I have received a lot of representations during the course of the treaties committee hearings about the lack of travel provisions in this treaty. Other treaties that the United States has recently negotiated have contained provisions which freed up the travel arrangements between those countries and the United States. They may well not be agreed to ultimately by the US Congress, but it is a real gap in our consideration here. If we are to have enhanced trading opportunities with the United States, the government needs to use other measures to ensure that those provisions are negotiated separately and in parallel with this treaty if it is to really move forward. Improving travel rights to the United States, especially in a post 9-11 world, is a very significant means of improving business and communication between our two countries. Without that, the treaty will have far less economic value to our country. There are significant travel barriers now for business and other professional people moving between the two countries—not so for tourists, but certainly for business and professional people—and they need to be addressed separately.

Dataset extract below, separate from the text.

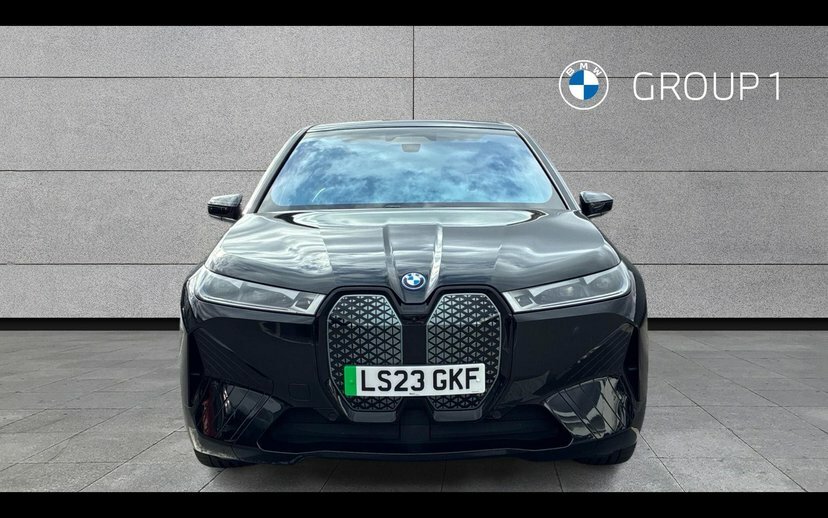 BMW iX Ix Xdrive40 Sport White #16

Mutual recognition of professional qualifications and other trade qualifications is also a significant problem. If you are an Australian lawyer and you have the right to practise in the United States, that will be gained in one state and one state only. If you need to practise in another state, you will have to sit a separate bar admission exam—and again and again in each of the states of the United States. That is an enormous impediment to qualifying to practise in the United States. The same is true in all of the other professions, and that is an enormous barrier to practising in the United States in any of those professional areas. It is an enormous barrier within the United States itself; it does not just apply to foreign applicants like Australians. Indeed, the United States could benefit its own microeconomic reform process by tackling these areas. Far be it from me or Australians to give the United States advice on microeconomic reform, but it would be of enormous benefit were it to tackle this. In terms of mutual recognition, as we have it in the treaty, that would be a significant area for the government to press the United States on.

I think we need to bear in mind that many Australians feel that the effect on the manufacturing industry, like the motor vehicle manufacturers in my own electorate, will be significant. The lowering of tariff barriers in this area does have an impact on people's lives. When these motor vehicle tariff areas are adjusted, the government needs to take into account that the United States, while it still has agricultural subsidies, also has a number of those in relation to the manufacturing industry. It has significant support structures for the manufacturing industry in the United States which, while not being subsidies, are certainly support structures for research and development. It has contracts with defence industries which provide significant support for manufacturing through the defence contracting support structures. So there are hidden subsidies in the United States which do not go directly to the manufacturing industry by way of support but are indirect support structures. Those need to be taken into account.

When assessing this treaty, I do not think we should jump to a government imposed, election-viewed deadline to this. It is an important treaty, one which could have significant benefits for Australia but which can only be taken into account as part of our national interest when we look at the whole of the treaty and the domestic underpinning legislation. So let us not do this in a rush; let us not do it overnight. Let us do it in a proper and mature and reflective way when we have all of the evidence to hand. That will be here in early August. Let us do it in a proper and mature way when we know whether or not it is in the national interest. Only then can we decide what the outcome ought to be.

Debate (on motion by Mr Ruddock) adjourned.